Sally was thought to be unique amongst wooden Vertues in having been built without the usual thickened sheerstrake. Her first owner had owned and sailed a Knud Reimers ‘Tumlare’, followed by a Giles designed ‘Lymington L’ class yacht, both of which were ‘normal’ looking yachts of their time, devoid of such stylistic idiosyncracies. No doubt when Sally was commissioned it was as a ‘Five ton cruising boat similar to Andrillot’. However, it now transpires that Karesta Ferida, V11, was also built without the trademark thickened sheerstrake of all the other Vertues. Both these boats appear to my eye to be slightly more conventional ‘yachts’ in appearance, denying any part of their working boat ancestry.
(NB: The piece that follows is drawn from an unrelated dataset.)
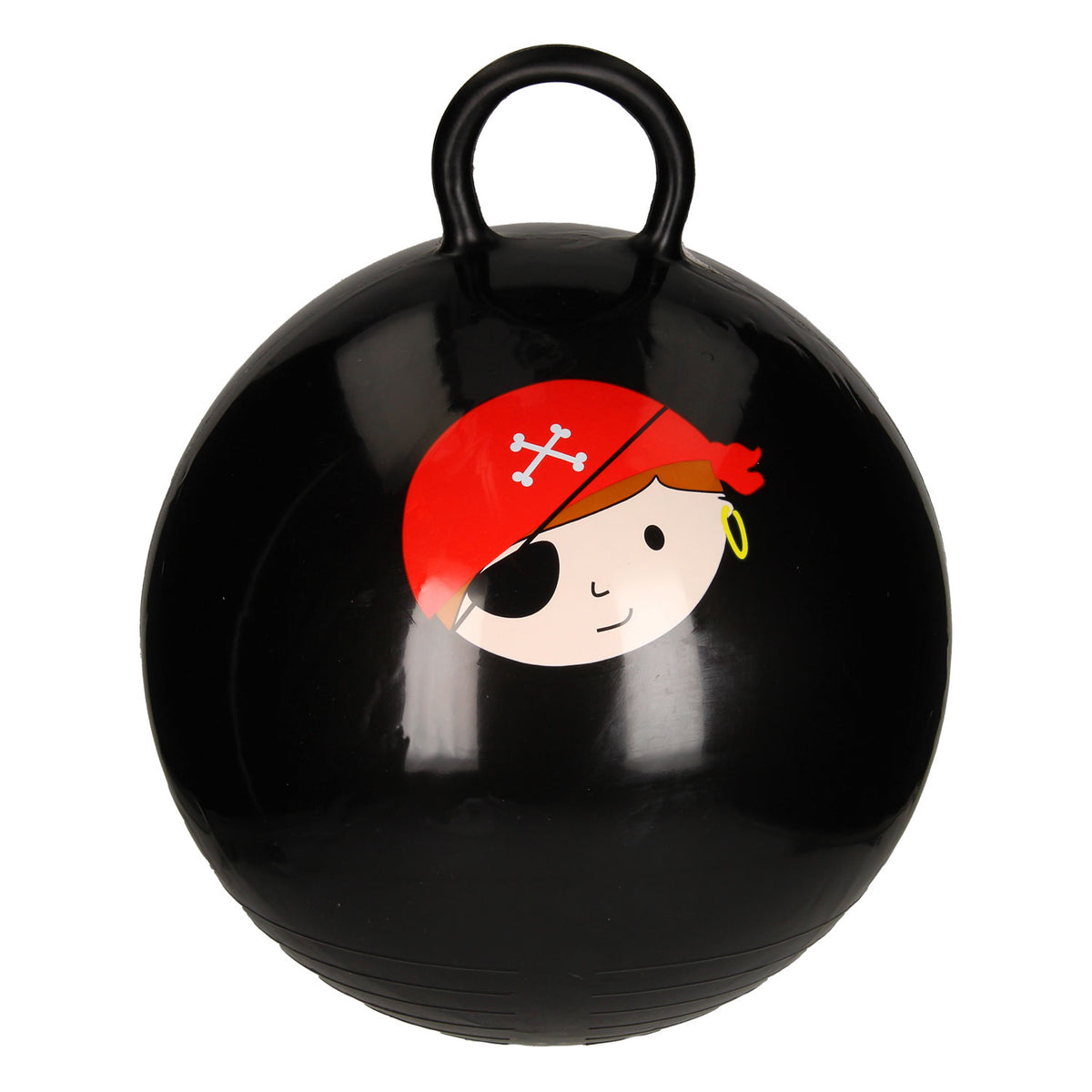 Duckiez Skippybal Pirate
They are beautifully proportioned yachts with an elegance of line that Giles seemed to be able to achieve, where many others can only emulate.
It was only after she required a bit of adjustment to her trim on launching, and the subsequent commission for a third boat to Andrillot’s lines, that the designers decided to produce a new, revised, set of drawings, for Monie. This was to be the first of many such ‘revisions’ of Andrillot‘s original design drawings, which in those days generally meant a complete, physical, re-drafting of the drawings by hand. Perhaps Sally’s trim adjustment resulted from the lack of bowsprit and associated gear, and possibly lighter masting compared with Andrillot. The ommission of these extra weights might have been enough to put Sally slightly down by the stern when she was launched, perhaps necessitating the small amount of inside ballast she has carried ever since. Her owner, Adrian Morgan, thinks that these rigging weights would have been insufficient to have made that much difference and feels that the ballast keel itself was incorrectly proportioned.